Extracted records
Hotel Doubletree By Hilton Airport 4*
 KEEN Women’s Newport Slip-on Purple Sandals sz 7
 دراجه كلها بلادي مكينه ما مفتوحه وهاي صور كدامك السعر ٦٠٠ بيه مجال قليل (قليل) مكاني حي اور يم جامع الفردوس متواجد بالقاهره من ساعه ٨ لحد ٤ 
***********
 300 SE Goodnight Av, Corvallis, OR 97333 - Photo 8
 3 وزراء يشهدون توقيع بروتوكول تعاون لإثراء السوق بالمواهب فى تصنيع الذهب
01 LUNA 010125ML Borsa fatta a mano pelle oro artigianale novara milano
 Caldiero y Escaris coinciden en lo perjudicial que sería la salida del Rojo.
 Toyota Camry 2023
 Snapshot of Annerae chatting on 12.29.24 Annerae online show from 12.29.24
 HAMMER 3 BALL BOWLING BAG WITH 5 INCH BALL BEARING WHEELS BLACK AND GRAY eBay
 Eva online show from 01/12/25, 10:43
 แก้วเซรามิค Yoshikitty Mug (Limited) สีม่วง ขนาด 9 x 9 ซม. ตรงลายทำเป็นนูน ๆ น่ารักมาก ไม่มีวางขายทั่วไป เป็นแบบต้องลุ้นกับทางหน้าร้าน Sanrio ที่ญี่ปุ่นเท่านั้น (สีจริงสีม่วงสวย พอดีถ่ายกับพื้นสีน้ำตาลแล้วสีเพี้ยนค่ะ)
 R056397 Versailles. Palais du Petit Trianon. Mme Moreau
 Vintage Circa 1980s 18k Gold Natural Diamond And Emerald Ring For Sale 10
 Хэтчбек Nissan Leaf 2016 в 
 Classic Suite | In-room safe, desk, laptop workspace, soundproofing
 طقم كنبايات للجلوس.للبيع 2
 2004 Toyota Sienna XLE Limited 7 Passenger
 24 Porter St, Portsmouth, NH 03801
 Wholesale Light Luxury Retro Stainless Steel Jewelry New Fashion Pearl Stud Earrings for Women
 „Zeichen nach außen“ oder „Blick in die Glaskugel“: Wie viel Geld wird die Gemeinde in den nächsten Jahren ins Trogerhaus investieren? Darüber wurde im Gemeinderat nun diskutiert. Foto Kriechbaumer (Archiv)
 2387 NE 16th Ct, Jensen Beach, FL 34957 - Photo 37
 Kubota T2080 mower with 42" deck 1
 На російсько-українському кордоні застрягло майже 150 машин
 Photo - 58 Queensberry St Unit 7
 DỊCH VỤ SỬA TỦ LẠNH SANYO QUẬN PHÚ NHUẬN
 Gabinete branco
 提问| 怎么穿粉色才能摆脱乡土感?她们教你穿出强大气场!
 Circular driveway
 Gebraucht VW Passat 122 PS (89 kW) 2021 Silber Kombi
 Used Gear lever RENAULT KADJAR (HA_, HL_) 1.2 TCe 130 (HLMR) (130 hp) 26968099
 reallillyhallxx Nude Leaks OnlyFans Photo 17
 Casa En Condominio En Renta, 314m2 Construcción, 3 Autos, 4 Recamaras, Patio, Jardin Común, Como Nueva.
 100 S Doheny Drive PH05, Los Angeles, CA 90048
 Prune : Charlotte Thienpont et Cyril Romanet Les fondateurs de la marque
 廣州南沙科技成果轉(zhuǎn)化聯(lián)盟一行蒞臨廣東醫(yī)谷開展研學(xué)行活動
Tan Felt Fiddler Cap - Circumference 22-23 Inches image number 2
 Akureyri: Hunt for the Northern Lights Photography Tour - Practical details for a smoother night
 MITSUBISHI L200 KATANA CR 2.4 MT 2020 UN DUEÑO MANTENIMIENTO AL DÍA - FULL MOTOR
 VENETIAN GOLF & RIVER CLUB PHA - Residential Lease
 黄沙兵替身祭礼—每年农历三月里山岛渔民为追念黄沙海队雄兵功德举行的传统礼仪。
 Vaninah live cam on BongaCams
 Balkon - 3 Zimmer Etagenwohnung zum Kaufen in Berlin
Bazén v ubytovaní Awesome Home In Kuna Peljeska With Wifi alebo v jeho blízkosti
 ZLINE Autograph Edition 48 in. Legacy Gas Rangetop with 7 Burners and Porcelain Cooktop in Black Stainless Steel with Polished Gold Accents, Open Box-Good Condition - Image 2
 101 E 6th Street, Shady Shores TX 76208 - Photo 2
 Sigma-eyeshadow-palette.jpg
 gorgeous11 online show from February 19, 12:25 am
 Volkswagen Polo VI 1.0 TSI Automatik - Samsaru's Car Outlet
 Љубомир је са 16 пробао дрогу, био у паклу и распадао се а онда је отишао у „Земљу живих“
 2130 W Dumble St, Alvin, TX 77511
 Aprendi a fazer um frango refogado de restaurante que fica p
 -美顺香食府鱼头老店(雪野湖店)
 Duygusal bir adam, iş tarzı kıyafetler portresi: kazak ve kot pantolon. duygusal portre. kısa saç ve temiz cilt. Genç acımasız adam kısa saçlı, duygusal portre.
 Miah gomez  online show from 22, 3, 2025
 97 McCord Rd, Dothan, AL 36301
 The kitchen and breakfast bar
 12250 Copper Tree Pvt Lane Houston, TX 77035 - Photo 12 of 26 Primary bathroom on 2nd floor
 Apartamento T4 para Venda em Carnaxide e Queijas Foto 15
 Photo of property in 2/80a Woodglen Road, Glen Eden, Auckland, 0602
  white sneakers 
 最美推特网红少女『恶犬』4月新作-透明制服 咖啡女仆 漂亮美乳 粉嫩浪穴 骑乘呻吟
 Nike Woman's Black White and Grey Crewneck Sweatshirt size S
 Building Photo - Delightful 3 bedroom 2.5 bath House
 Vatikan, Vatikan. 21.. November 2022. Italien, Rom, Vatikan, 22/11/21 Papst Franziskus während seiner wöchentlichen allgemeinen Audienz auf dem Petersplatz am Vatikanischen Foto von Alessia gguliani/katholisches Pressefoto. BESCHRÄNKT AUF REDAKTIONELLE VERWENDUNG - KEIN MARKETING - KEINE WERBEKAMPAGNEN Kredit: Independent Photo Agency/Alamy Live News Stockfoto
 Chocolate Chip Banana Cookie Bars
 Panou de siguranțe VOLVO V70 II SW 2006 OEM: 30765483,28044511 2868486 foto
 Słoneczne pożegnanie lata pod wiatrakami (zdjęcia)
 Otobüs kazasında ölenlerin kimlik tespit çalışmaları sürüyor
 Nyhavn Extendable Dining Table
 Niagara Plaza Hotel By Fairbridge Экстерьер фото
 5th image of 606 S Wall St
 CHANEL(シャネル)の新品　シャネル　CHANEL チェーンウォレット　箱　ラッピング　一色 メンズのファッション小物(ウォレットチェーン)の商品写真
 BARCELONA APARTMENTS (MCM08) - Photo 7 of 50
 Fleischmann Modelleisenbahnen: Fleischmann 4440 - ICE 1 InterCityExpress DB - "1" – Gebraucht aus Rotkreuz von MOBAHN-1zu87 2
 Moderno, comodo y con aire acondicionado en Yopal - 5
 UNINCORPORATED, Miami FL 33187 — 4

■ Task goal ■
When the entries above are retyped, each line must stay exactly as it is.

■ Result for this task ■
Hotel Doubletree By Hilton Airport 4*
 KEEN Women’s Newport Slip-on Purple Sandals sz 7
 دراجه كلها بلادي مكينه ما مفتوحه وهاي صور كدامك السعر ٦٠٠ بيه مجال قليل (قليل) مكاني حي اور يم جامع الفردوس متواجد بالقاهره من ساعه ٨ لحد ٤ 
***********
 300 SE Goodnight Av, Corvallis, OR 97333 - Photo 8
 3 وزراء يشهدون توقيع بروتوكول تعاون لإثراء السوق بالمواهب فى تصنيع الذهب
01 LUNA 010125ML Borsa fatta a mano pelle oro artigianale novara milano
 Caldiero y Escaris coinciden en lo perjudicial que sería la salida del Rojo.
 Toyota Camry 2023
 Snapshot of Annerae chatting on 12.29.24 Annerae online show from 12.29.24
 HAMMER 3 BALL BOWLING BAG WITH 5 INCH BALL BEARING WHEELS BLACK AND GRAY eBay
 Eva online show from 01/12/25, 10:43
 แก้วเซรามิค Yoshikitty Mug (Limited) สีม่วง ขนาด 9 x 9 ซม. ตรงลายทำเป็นนูน ๆ น่ารักมาก ไม่มีวางขายทั่วไป เป็นแบบต้องลุ้นกับทางหน้าร้าน Sanrio ที่ญี่ปุ่นเท่านั้น (สีจริงสีม่วงสวย พอดีถ่ายกับพื้นสีน้ำตาลแล้วสีเพี้ยนค่ะ)
 R056397 Versailles. Palais du Petit Trianon. Mme Moreau
 Vintage Circa 1980s 18k Gold Natural Diamond And Emerald Ring For Sale 10
 Хэтчбек Nissan Leaf 2016 в 
 Classic Suite | In-room safe, desk, laptop workspace, soundproofing
 طقم كنبايات للجلوس.للبيع 2
 2004 Toyota Sienna XLE Limited 7 Passenger
 24 Porter St, Portsmouth, NH 03801
 Wholesale Light Luxury Retro Stainless Steel Jewelry New Fashion Pearl Stud Earrings for Women
 „Zeichen nach außen“ oder „Blick in die Glaskugel“: Wie viel Geld wird die Gemeinde in den nächsten Jahren ins Trogerhaus investieren? Darüber wurde im Gemeinderat nun diskutiert. Foto Kriechbaumer (Archiv)
 2387 NE 16th Ct, Jensen Beach, FL 34957 - Photo 37
 Kubota T2080 mower with 42" deck 1
 На російсько-українському кордоні застрягло майже 150 машин
 Photo - 58 Queensberry St Unit 7
 DỊCH VỤ SỬA TỦ LẠNH SANYO QUẬN PHÚ NHUẬN
 Gabinete branco
 提问| 怎么穿粉色才能摆脱乡土感?她们教你穿出强大气场!
 Circular driveway
 Gebraucht VW Passat 122 PS (89 kW) 2021 Silber Kombi
 Used Gear lever RENAULT KADJAR (HA_, HL_) 1.2 TCe 130 (HLMR) (130 hp) 26968099
 reallillyhallxx Nude Leaks OnlyFans Photo 17
 Casa En Condominio En Renta, 314m2 Construcción, 3 Autos, 4 Recamaras, Patio, Jardin Común, Como Nueva.
 100 S Doheny Drive PH05, Los Angeles, CA 90048
 Prune : Charlotte Thienpont et Cyril Romanet Les fondateurs de la marque
 廣州南沙科技成果轉(zhuǎn)化聯(lián)盟一行蒞臨廣東醫(yī)谷開展研學(xué)行活動
Tan Felt Fiddler Cap - Circumference 22-23 Inches image number 2
 Akureyri: Hunt for the Northern Lights Photography Tour - Practical details for a smoother night
 MITSUBISHI L200 KATANA CR 2.4 MT 2020 UN DUEÑO MANTENIMIENTO AL DÍA - FULL MOTOR
 VENETIAN GOLF & RIVER CLUB PHA - Residential Lease
 黄沙兵替身祭礼—每年农历三月里山岛渔民为追念黄沙海队雄兵功德举行的传统礼仪。
 Vaninah live cam on BongaCams
 Balkon - 3 Zimmer Etagenwohnung zum Kaufen in Berlin
Bazén v ubytovaní Awesome Home In Kuna Peljeska With Wifi alebo v jeho blízkosti
 ZLINE Autograph Edition 48 in. Legacy Gas Rangetop with 7 Burners and Porcelain Cooktop in Black Stainless Steel with Polished Gold Accents, Open Box-Good Condition - Image 2
 101 E 6th Street, Shady Shores TX 76208 - Photo 2
 Sigma-eyeshadow-palette.jpg
 gorgeous11 online show from February 19, 12:25 am
 Volkswagen Polo VI 1.0 TSI Automatik - Samsaru's Car Outlet
 Љубомир је са 16 пробао дрогу, био у паклу и распадао се а онда је отишао у „Земљу живих“
 2130 W Dumble St, Alvin, TX 77511
 Aprendi a fazer um frango refogado de restaurante que fica p
 -美顺香食府鱼头老店(雪野湖店)
 Duygusal bir adam, iş tarzı kıyafetler portresi: kazak ve kot pantolon. duygusal portre. kısa saç ve temiz cilt. Genç acımasız adam kısa saçlı, duygusal portre.
 Miah gomez  online show from 22, 3, 2025
 97 McCord Rd, Dothan, AL 36301
 The kitchen and breakfast bar
 12250 Copper Tree Pvt Lane Houston, TX 77035 - Photo 12 of 26 Primary bathroom on 2nd floor
 Apartamento T4 para Venda em Carnaxide e Queijas Foto 15
 Photo of property in 2/80a Woodglen Road, Glen Eden, Auckland, 0602
  white sneakers 
 最美推特网红少女『恶犬』4月新作-透明制服 咖啡女仆 漂亮美乳 粉嫩浪穴 骑乘呻吟
 Nike Woman's Black White and Grey Crewneck Sweatshirt size S
 Building Photo - Delightful 3 bedroom 2.5 bath House
 Vatikan, Vatikan. 21.. November 2022. Italien, Rom, Vatikan, 22/11/21 Papst Franziskus während seiner wöchentlichen allgemeinen Audienz auf dem Petersplatz am Vatikanischen Foto von Alessia gguliani/katholisches Pressefoto. BESCHRÄNKT AUF REDAKTIONELLE VERWENDUNG - KEIN MARKETING - KEINE WERBEKAMPAGNEN Kredit: Independent Photo Agency/Alamy Live News Stockfoto
 Chocolate Chip Banana Cookie Bars
 Panou de siguranțe VOLVO V70 II SW 2006 OEM: 30765483,28044511 2868486 foto
 Słoneczne pożegnanie lata pod wiatrakami (zdjęcia)
 Otobüs kazasında ölenlerin kimlik tespit çalışmaları sürüyor
 Nyhavn Extendable Dining Table
 Niagara Plaza Hotel By Fairbridge Экстерьер фото
 5th image of 606 S Wall St
 CHANEL(シャネル)の新品　シャネル　CHANEL チェーンウォレット　箱　ラッピング　一色 メンズのファッション小物(ウォレットチェーン)の商品写真
 BARCELONA APARTMENTS (MCM08) - Photo 7 of 50
 Fleischmann Modelleisenbahnen: Fleischmann 4440 - ICE 1 InterCityExpress DB - "1" – Gebraucht aus Rotkreuz von MOBAHN-1zu87 2
 Moderno, comodo y con aire acondicionado en Yopal - 5
 UNINCORPORATED, Miami FL 33187 — 4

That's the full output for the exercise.